» Raw data:
• • • •

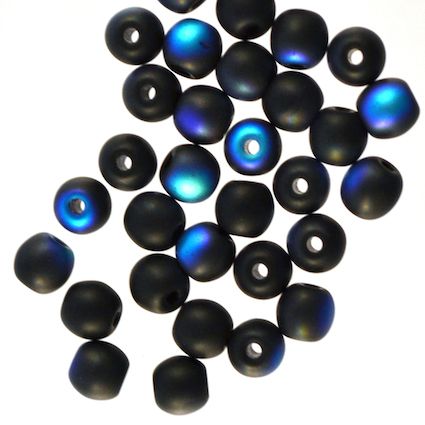 RG482 4mm AB Frosted Black Rounds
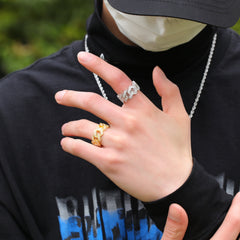 Ice Stone 18k Gold Prong Cuban Link Ring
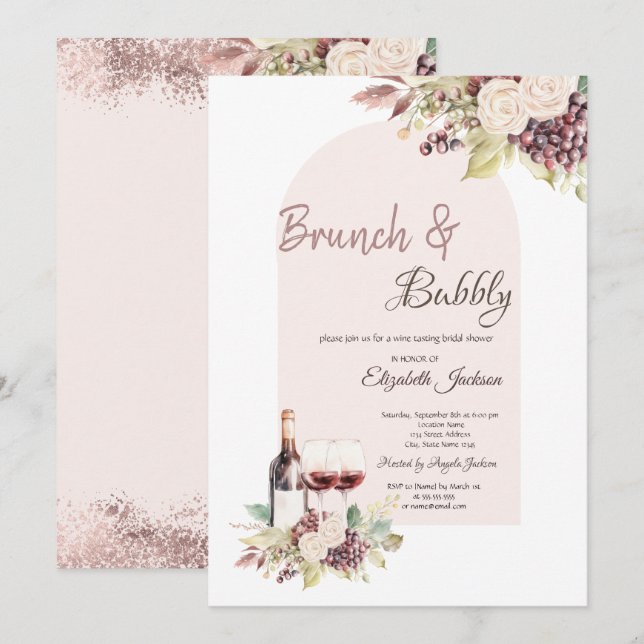 Convite Uvas Vinícolas Flores Boho Brunch & Espumante (Frente/Verso)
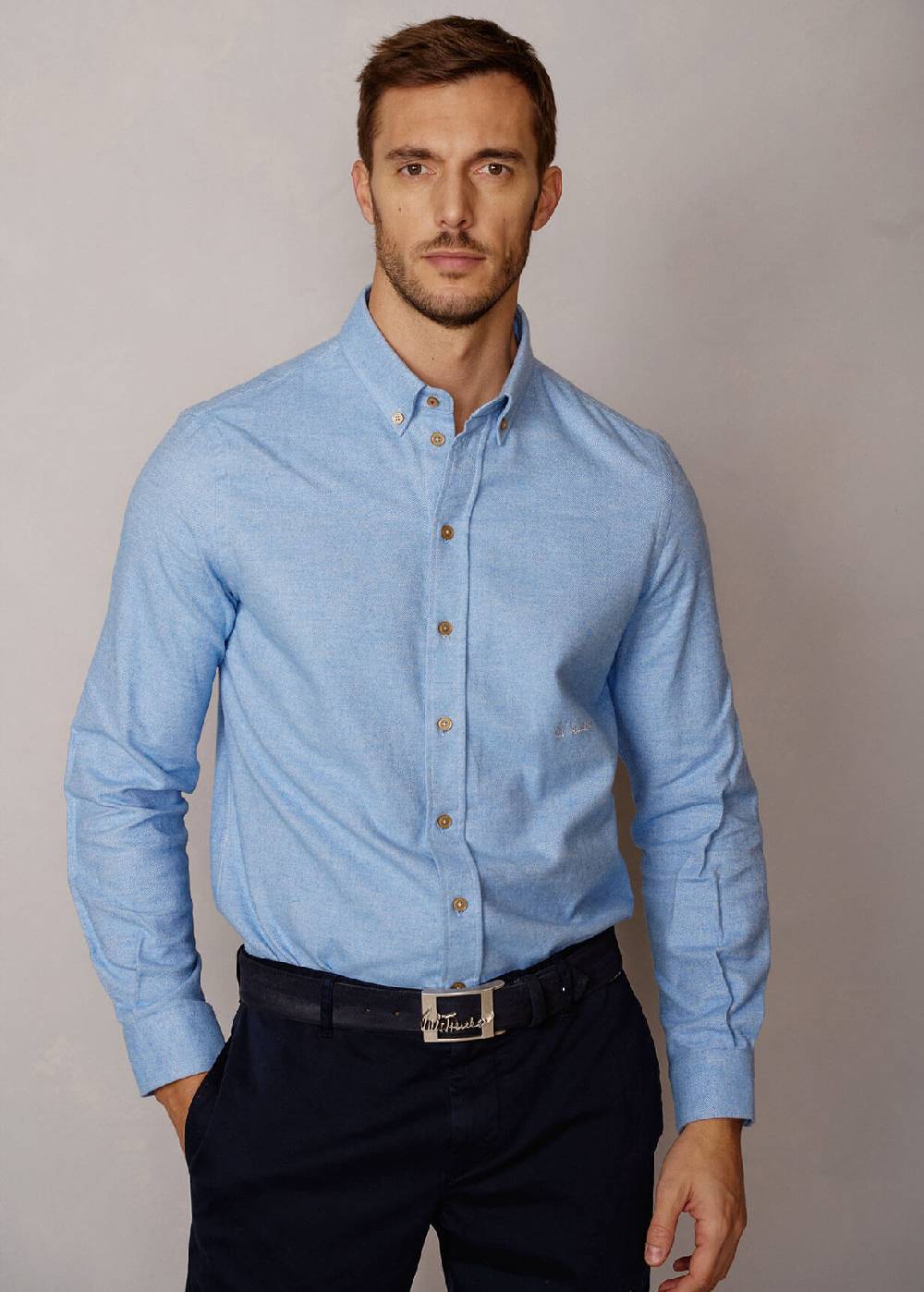 Luis Trenker Camicia in twill con colletto button down Lubenzio Presa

• • • •

» Problem details: Return all the data exactly, and keep the pictures out.

» Result:
 RG482 4mm AB Frosted Black Rounds
 Ice Stone 18k Gold Prong Cuban Link Ring
 Convite Uvas Vinícolas Flores Boho Brunch & Espumante (Frente/Verso)
 Luis Trenker Camicia in twill con colletto button down Lubenzio Presa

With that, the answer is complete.